--- Instructions for the task ---
Restating the data word for word is all that is required.

--- Input data ---

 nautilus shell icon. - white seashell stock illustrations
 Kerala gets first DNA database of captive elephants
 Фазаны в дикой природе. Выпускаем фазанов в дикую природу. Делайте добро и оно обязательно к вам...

--- Task output ---
 nautilus shell icon. - white seashell stock illustrations
 Kerala gets first DNA database of captive elephants
 Фазаны в дикой природе. Выпускаем фазанов в дикую природу. Делайте добро и оно обязательно к вам...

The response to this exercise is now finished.